### Dataset content
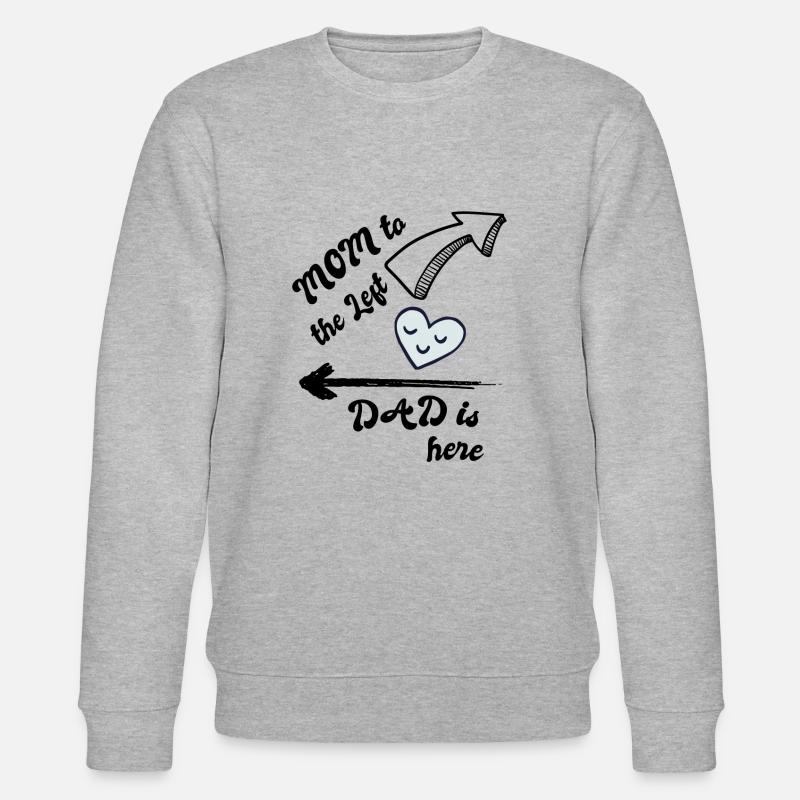 Mom Left Dad Right - Stanley/Stella Unisex Bio-Sweatshirt CHANGER  - Grau meliert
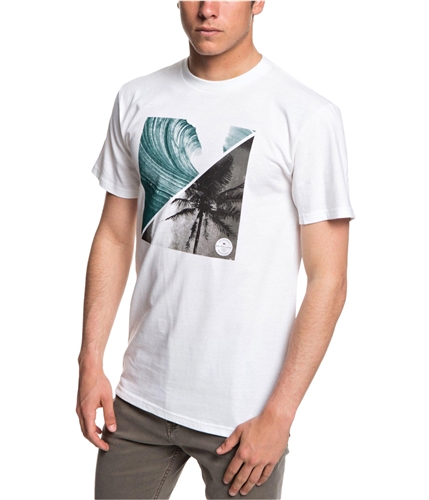 Quiksilver Mens Colorful Night Graphic T-Shirt natural L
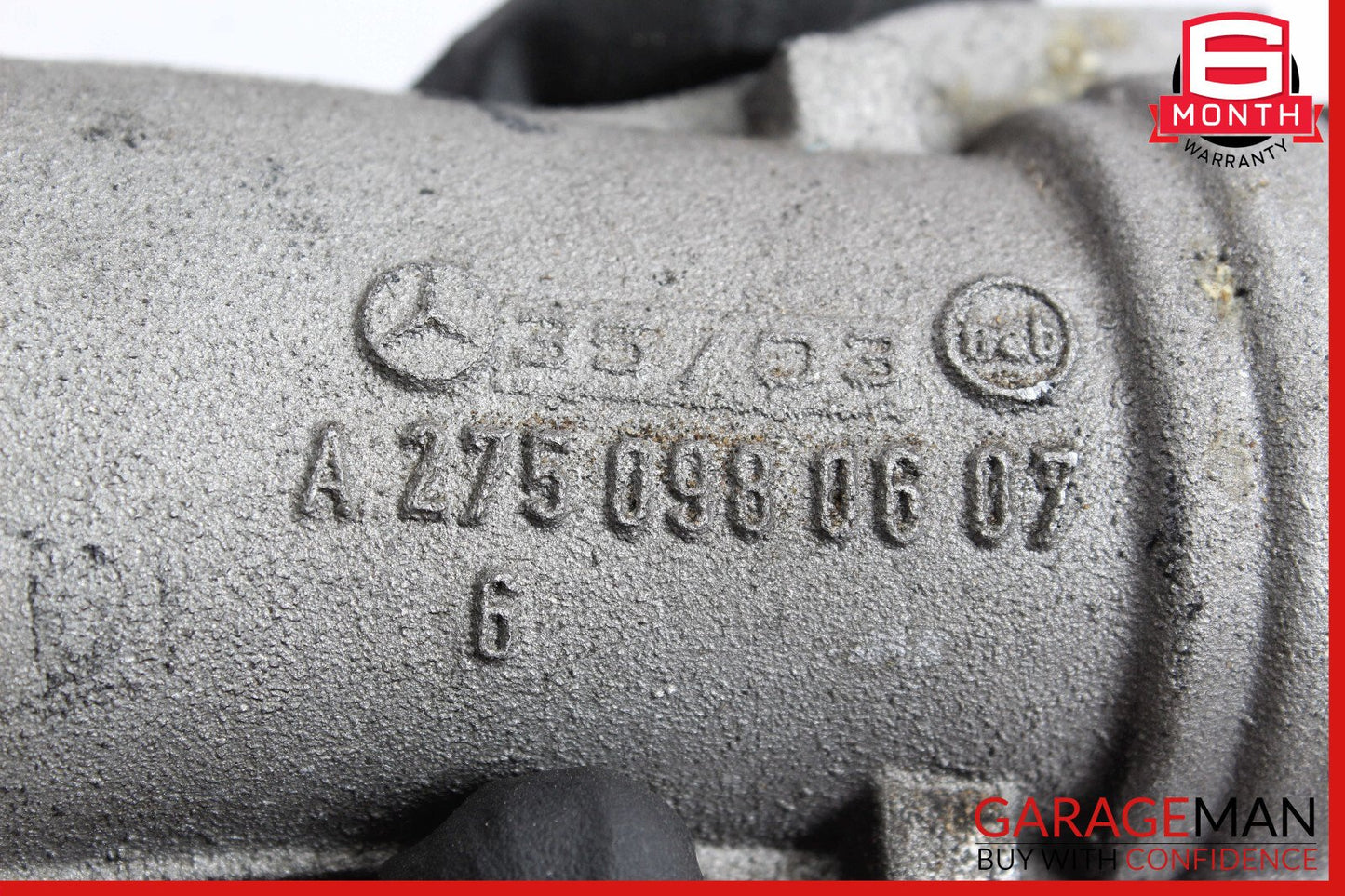 03-12 Mercedes W220 S600 Turbocharger Hose Pipe Right 2750980607 OEM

### Your task
Print each line from the one containing "Quiksilver Mens Colorful" through the last line of the listing, both included, exactly and with no pictures.

### Task result
 Quiksilver Mens Colorful Night Graphic T-Shirt natural L
 03-12 Mercedes W220 S600 Turbocharger Hose Pipe Right 2750980607 OEM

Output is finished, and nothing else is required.